The answer must repeat every record exactly, with no pictures in it.

[THE RECORDS — start]

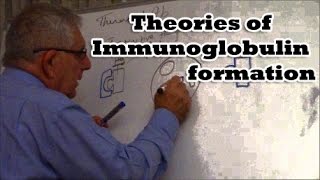 Theories of Immunoglobulin formation [upl. by Eillit]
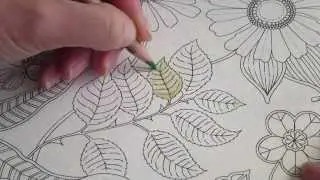 Secret Garden colouring book, How I colour a leaf (how to)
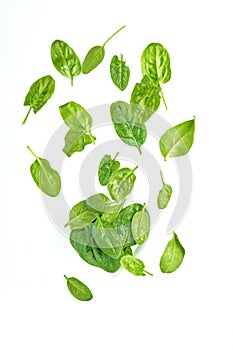 Green spinach leaves flying on white, fresh salad in motion, vegetables levitation concept, isolated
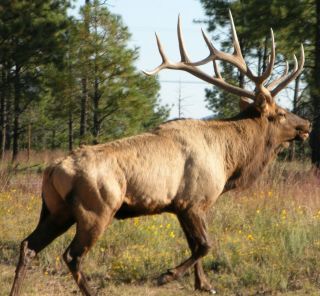 New Mexico Mature Bull Elk Hunt Unit 51
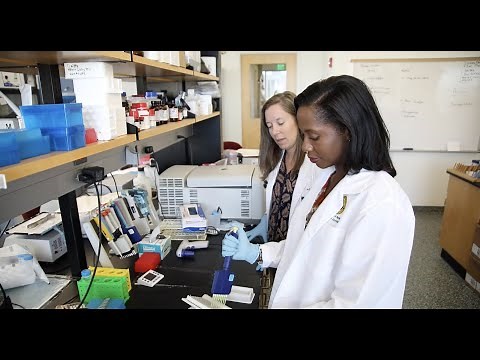 Become a Nurse Scientist at the USF College of Nursing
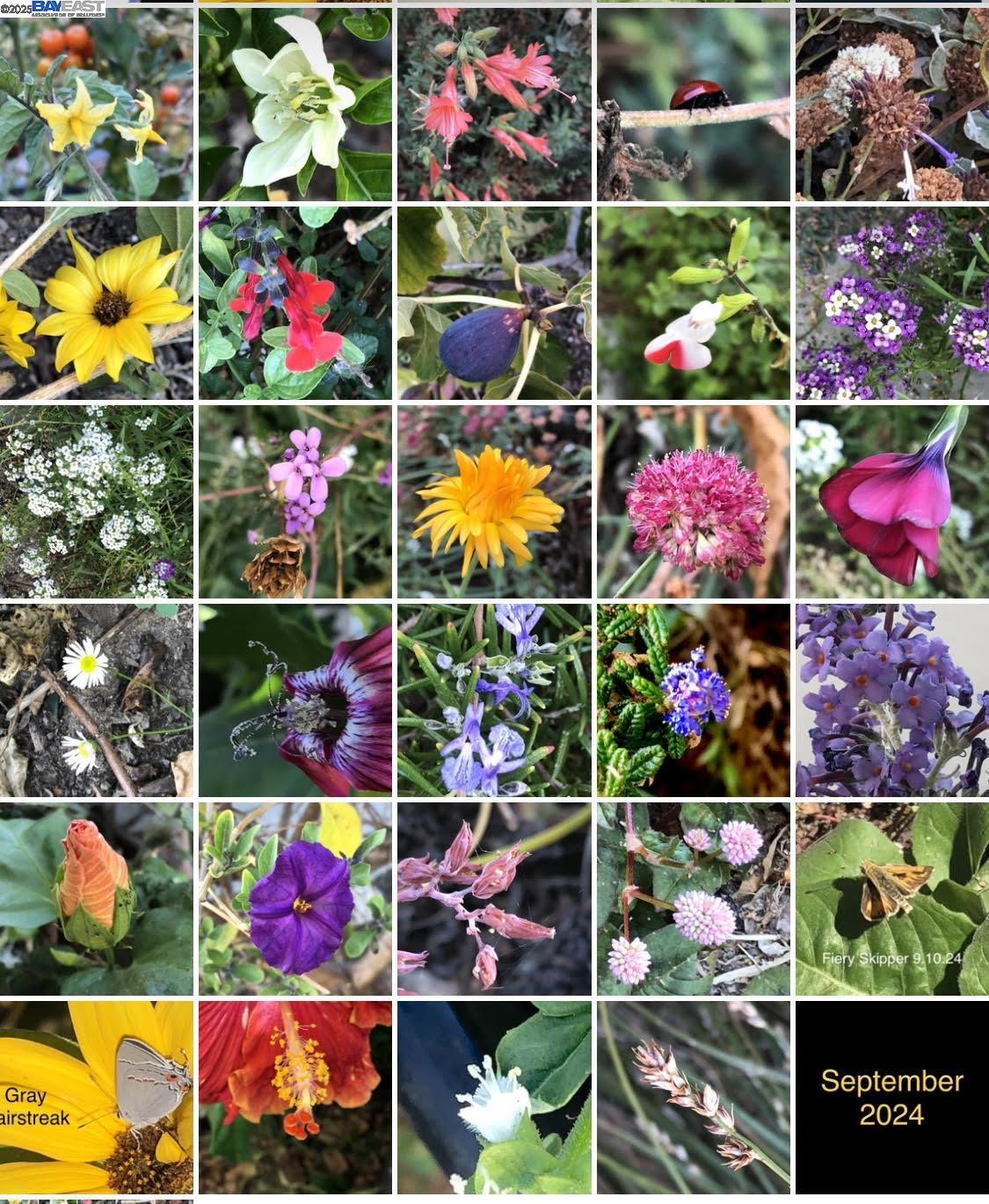 Detail Gallery Image 55 of 56 For 1542 Broadway, Alameda,  CA 94501 - 3 Beds | 1/1 Baths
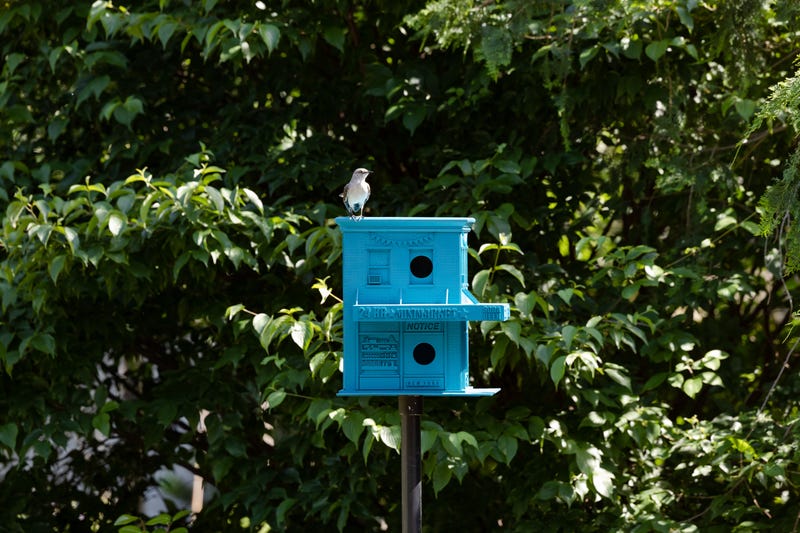 Olalekan Jeyifous 'Birdega' birdhouse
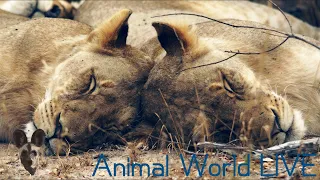 Animal World LIVE with Brent Leo-Smith | Rhino Revolution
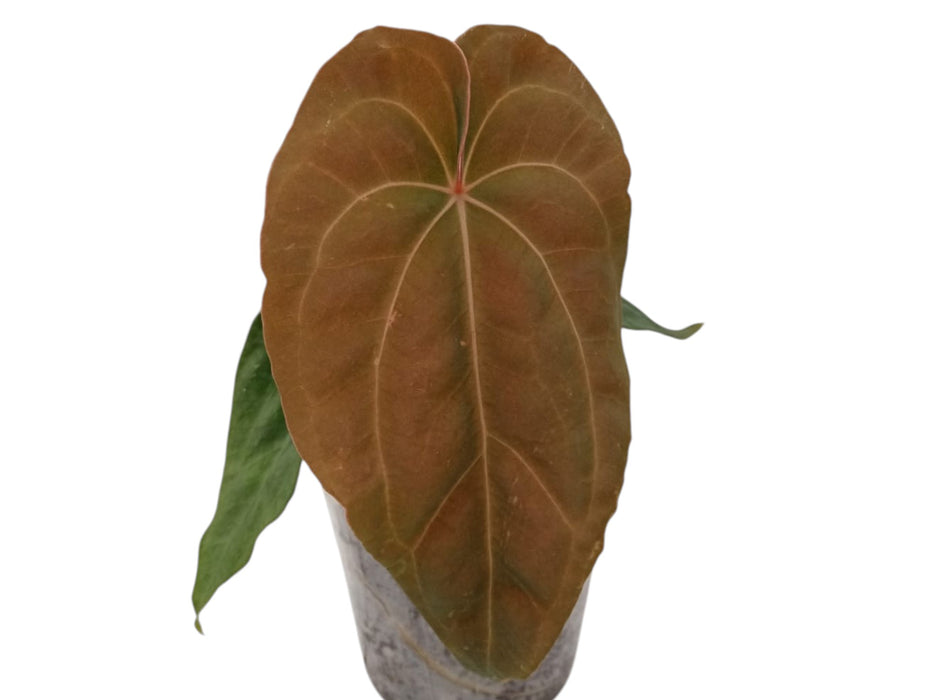 Anthurium Fantasy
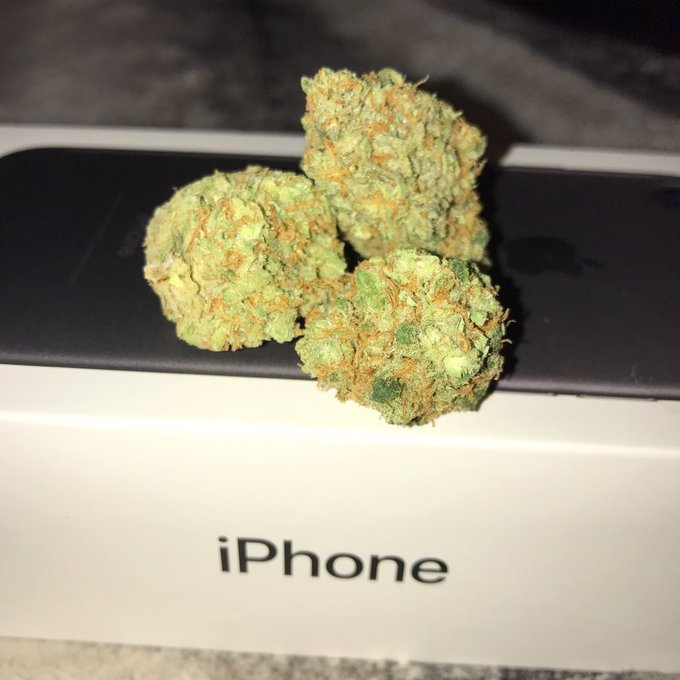 Testing out the new iPhone camera... https://t.co/VtV7i91Kai<a href="/tag/postyourselfasagif"class="tags"><span>#postyourselfasagif</span></a>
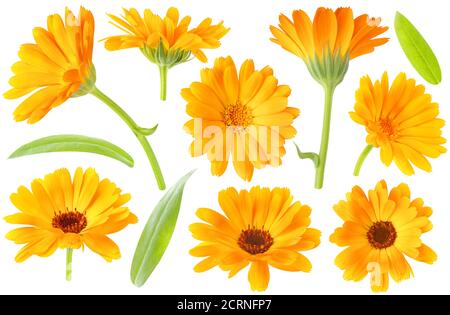 Raccolta di calendula (marigold) fiori di piante e foglie isolati su sfondo bianco Foto Stock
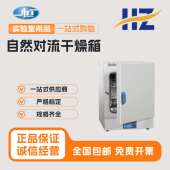 干燥箱实验室DHG 9031A DHG 上海一恒 9051A 9091A自然对流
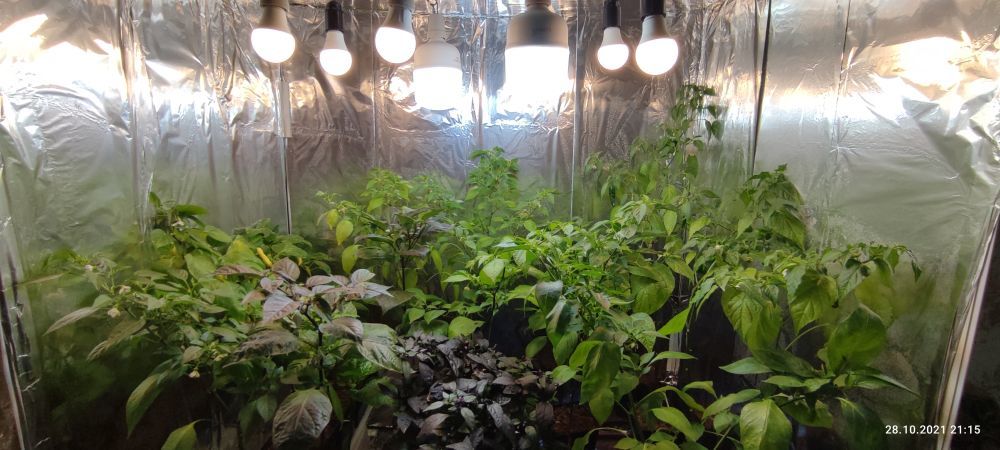 Help with light - My, , Hot peppers, Plants, Growbox, Light, Longpost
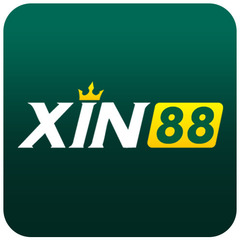 xin88 .'s profile picture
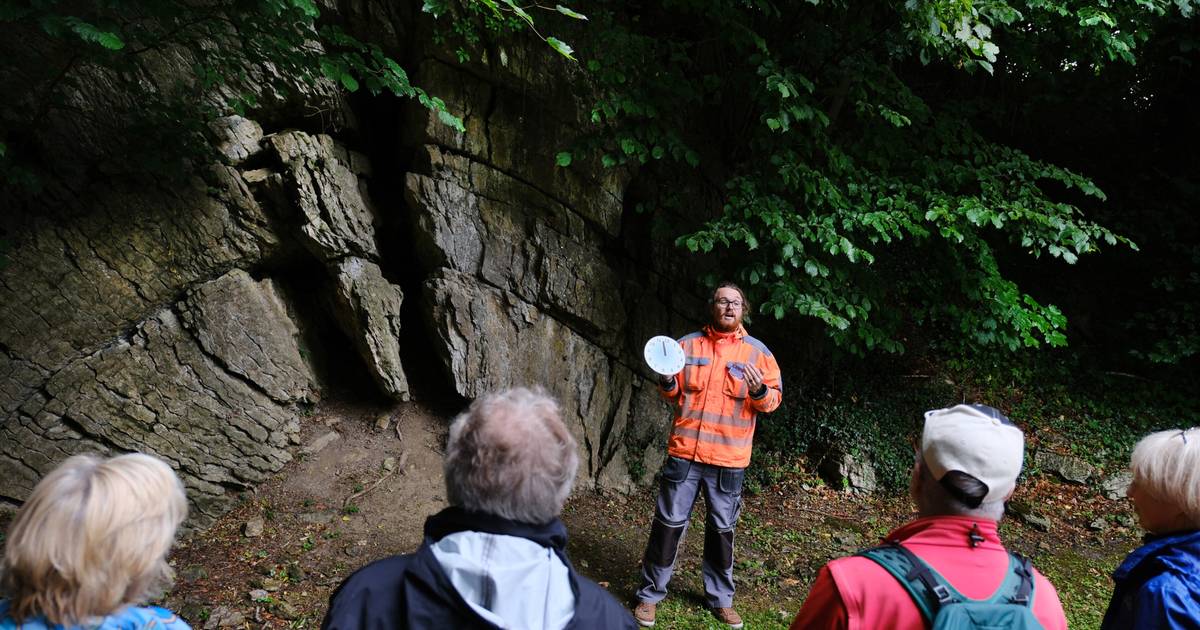 Das verrät der Tillmannsdorfer Sattel über die Erdgeschichte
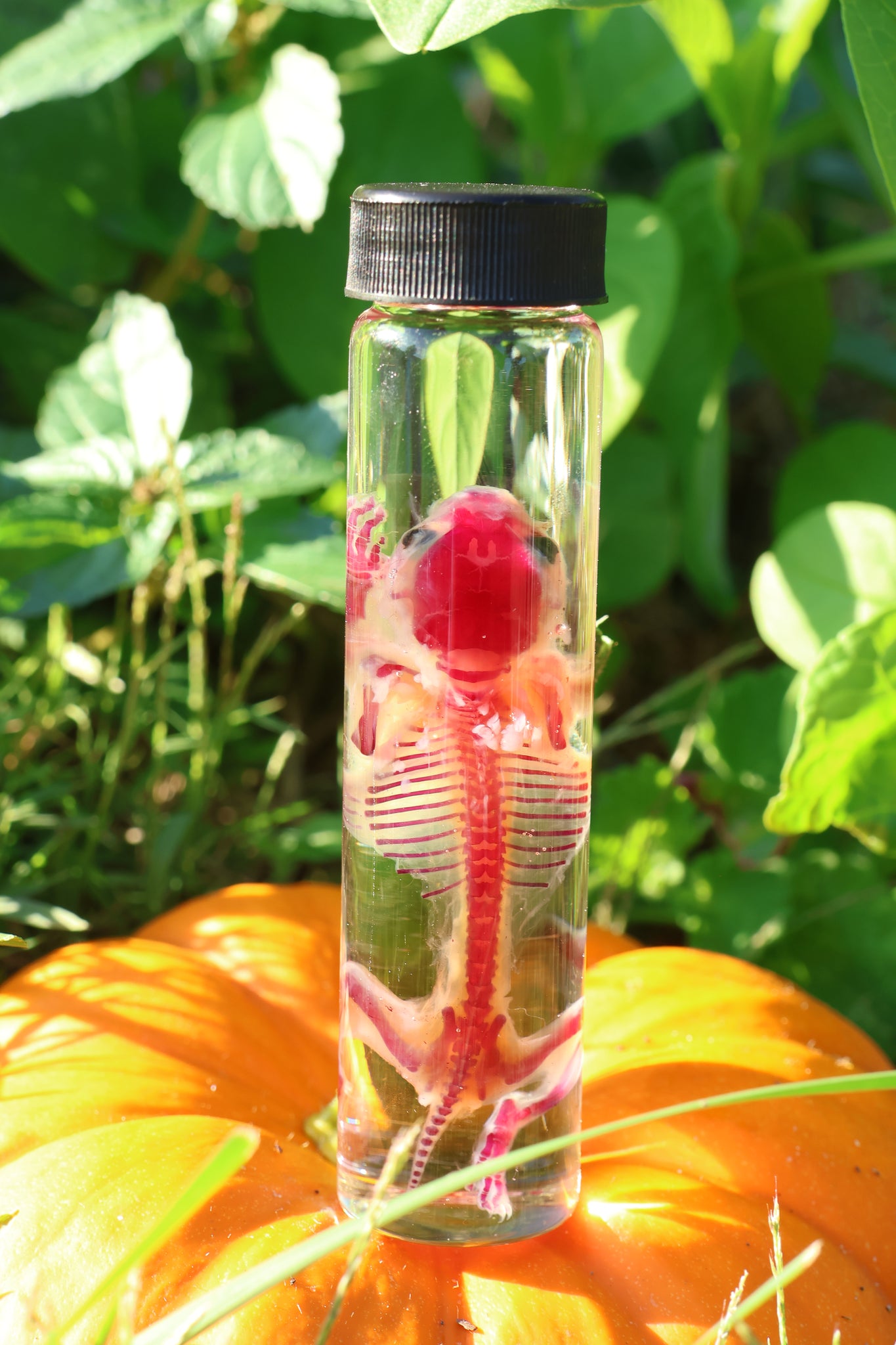 Diaphonized Hamster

[THE RECORDS — finish]

• SOLUTION TO THIS EXERCISE:
 Theories of Immunoglobulin formation [upl. by Eillit]
 Secret Garden colouring book, How I colour a leaf (how to)
 Green spinach leaves flying on white, fresh salad in motion, vegetables levitation concept, isolated
 New Mexico Mature Bull Elk Hunt Unit 51
 Become a Nurse Scientist at the USF College of Nursing
 Detail Gallery Image 55 of 56 For 1542 Broadway, Alameda,  CA 94501 - 3 Beds | 1/1 Baths
 Olalekan Jeyifous 'Birdega' birdhouse
 Animal World LIVE with Brent Leo-Smith | Rhino Revolution
 Anthurium Fantasy
 Testing out the new iPhone camera... https://t.co/VtV7i91Kai<a href="/tag/postyourselfasagif"class="tags"><span>#postyourselfasagif</span></a>
 Raccolta di calendula (marigold) fiori di piante e foglie isolati su sfondo bianco Foto Stock
 干燥箱实验室DHG 9031A DHG 上海一恒 9051A 9091A自然对流
 Help with light - My, , Hot peppers, Plants, Growbox, Light, Longpost
 xin88 .'s profile picture
 Das verrät der Tillmannsdorfer Sattel über die Erdgeschichte
 Diaphonized Hamster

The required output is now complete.